* [DESCRIPTION OF THE TASK]: Would you write out the lines below exactly, from the one containing "2021 Mazda 3 1.5L AT, белый — фото 6" to the very last, but without the pictures?

------ PROVIDED DATA

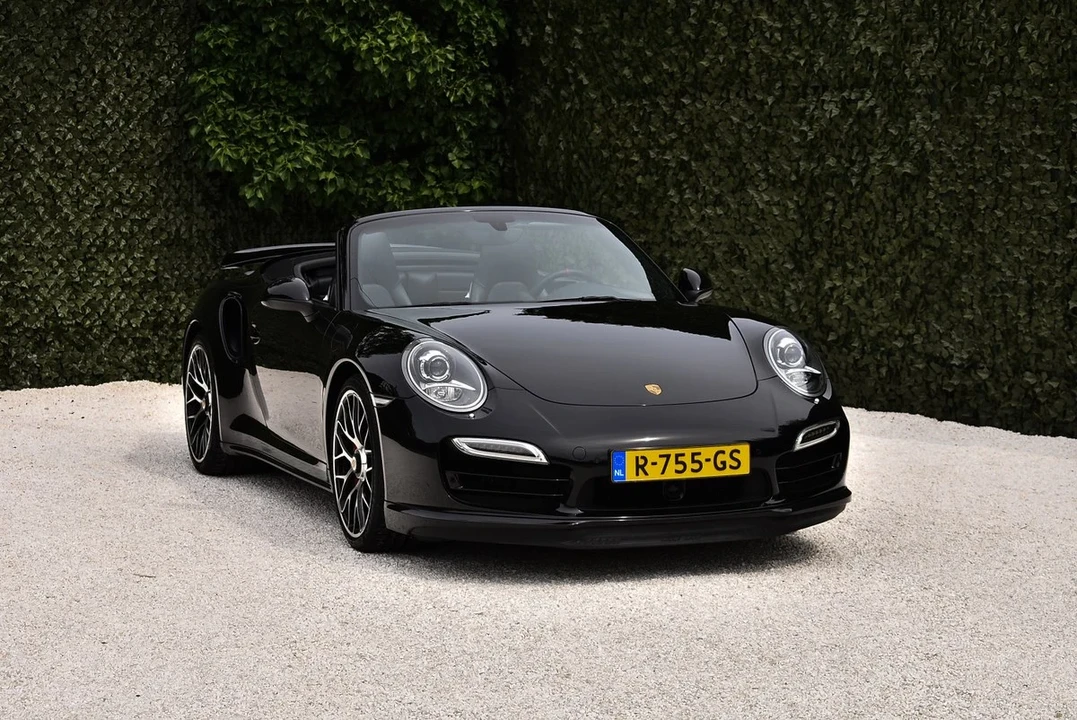 2014 Porsche 991 Turbo - Image 2 of 31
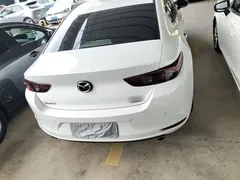 2021 Mazda 3 1.5L AT, белый — фото 6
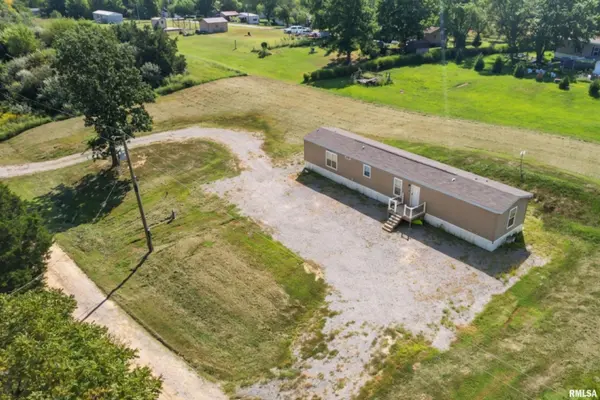 145 CHEROKEE DR, Goreville, IL 62939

------------

* [REPLY TO THE EXERCISE]:
 2021 Mazda 3 1.5L AT, белый — фото 6
 145 CHEROKEE DR, Goreville, IL 62939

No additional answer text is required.